To check its status, run:
$ odahuflowctl deployment get --id wine-tutorial
Or create a Deploy using the Plugin for JupyterLab:
- Open jupyterlab
- Open the cloned repo, and then the folder with the MLProject file
- Select file
./odahu-flow/deployment.odahu.yaml
. In context menu press thesubmit
button
You can see Deploy logs using the Odahu cloud mode
side tab in your Jupyterlab
- Open the
Odahu cloud mode
tab - Look for the
DEPLOYMENT
section - Click the row with ID=wine
After some time, the Deploy process will finish. The status of Deploy is updated in column status
of the DEPLOYMENT section in the Odahu cloud mode
tab. You should see status=Ready.
Use the deployed model¶
Step input data | The deployed model |
---|
After the model is deployed, you can check its API in Swagger:
Open <your-odahu-platform-host>/service-catalog/swagger/index.html
and look and the endpoints:
GET /model/wine-tutorial/api/model/info
– OpenAPI model specification;POST /model/wine-tutorial/api/model/invoke
– Endpoint to do predictions;
But you can also do predictions using the Odahu-flow CLI.
Create a payload file:
$ touch ./odahu-flow/r.json
Add payload for /model/wine-tutorial/api/model/invoke
according to the OpenAPI schema.

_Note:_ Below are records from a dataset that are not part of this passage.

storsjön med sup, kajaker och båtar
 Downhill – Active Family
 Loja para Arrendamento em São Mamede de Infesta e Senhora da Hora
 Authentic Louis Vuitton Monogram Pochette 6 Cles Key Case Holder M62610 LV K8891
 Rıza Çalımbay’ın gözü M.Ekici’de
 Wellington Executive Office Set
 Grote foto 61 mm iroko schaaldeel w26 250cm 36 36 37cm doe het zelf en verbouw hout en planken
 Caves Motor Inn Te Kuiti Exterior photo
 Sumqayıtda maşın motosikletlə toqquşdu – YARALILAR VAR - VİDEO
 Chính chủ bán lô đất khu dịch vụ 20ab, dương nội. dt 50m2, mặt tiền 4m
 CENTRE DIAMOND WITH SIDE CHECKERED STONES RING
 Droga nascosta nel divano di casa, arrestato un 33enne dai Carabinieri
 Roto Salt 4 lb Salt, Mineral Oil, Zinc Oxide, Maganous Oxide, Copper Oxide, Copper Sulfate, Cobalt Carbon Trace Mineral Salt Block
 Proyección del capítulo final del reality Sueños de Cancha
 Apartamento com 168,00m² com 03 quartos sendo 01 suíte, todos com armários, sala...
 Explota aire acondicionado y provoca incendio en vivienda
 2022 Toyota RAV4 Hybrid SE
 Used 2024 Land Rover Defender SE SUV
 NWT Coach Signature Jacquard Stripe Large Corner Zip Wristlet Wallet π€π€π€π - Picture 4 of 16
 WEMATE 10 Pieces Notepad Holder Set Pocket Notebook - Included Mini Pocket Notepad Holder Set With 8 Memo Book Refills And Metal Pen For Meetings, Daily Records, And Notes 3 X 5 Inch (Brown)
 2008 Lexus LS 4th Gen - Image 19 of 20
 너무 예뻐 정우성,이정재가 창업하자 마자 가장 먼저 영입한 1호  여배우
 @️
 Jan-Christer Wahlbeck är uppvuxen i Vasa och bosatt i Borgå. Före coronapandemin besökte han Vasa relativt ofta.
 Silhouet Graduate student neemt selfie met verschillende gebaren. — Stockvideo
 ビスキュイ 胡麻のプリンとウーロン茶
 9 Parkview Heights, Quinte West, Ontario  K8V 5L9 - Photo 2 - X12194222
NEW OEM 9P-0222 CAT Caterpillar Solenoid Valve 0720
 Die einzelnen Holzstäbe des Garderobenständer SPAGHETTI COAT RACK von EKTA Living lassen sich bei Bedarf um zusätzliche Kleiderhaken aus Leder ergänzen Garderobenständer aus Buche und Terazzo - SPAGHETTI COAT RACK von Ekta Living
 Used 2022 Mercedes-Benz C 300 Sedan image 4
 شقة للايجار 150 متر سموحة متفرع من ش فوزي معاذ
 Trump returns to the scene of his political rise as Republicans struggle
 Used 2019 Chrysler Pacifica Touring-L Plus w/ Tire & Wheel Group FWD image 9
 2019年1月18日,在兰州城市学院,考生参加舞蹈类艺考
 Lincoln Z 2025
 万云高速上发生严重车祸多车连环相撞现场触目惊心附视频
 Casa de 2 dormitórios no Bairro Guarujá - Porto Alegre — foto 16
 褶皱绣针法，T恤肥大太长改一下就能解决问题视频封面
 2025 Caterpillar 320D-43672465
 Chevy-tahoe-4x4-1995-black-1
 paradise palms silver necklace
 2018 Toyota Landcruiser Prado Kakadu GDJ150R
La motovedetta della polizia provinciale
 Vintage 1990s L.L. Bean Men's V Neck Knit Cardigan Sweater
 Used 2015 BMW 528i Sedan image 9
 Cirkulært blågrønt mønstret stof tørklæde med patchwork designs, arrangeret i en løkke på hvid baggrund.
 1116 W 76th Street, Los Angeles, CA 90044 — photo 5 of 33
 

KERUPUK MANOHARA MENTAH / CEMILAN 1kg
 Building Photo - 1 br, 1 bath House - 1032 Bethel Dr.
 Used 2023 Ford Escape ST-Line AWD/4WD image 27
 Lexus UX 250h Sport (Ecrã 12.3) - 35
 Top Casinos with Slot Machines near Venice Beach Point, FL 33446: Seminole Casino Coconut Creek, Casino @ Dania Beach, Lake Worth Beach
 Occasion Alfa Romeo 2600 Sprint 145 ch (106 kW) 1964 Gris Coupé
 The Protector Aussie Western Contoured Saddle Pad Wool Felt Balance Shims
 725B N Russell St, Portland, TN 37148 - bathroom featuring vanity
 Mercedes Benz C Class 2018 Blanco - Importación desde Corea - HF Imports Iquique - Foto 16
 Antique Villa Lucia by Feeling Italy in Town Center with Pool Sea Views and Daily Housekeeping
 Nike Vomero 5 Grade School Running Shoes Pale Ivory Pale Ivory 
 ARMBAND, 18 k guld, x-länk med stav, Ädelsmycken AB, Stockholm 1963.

In this payload we provide values for model input variables:
{
"columns": [
"fixed acidity",
"volatile acidity",
"citric acid",
"residual sugar",
"chlorides",
"free sulfur dioxide",
"total sulfur dioxide",
"density",
"pH",
"sulphates",
"alcohol"
],
"data": [
[
7,
0.27,
0.36,
20.7,
0.045,
45,
170,
1.001,
3,
0.45,
8.8
]
]
}
Invoke the model to make a prediction:
$ odahuflowctl model invoke --mr wine-tutorial --json-file r.json
{"prediction": [6.0], "columns": ["quality"]}
Congrats! You have completed the tutorial.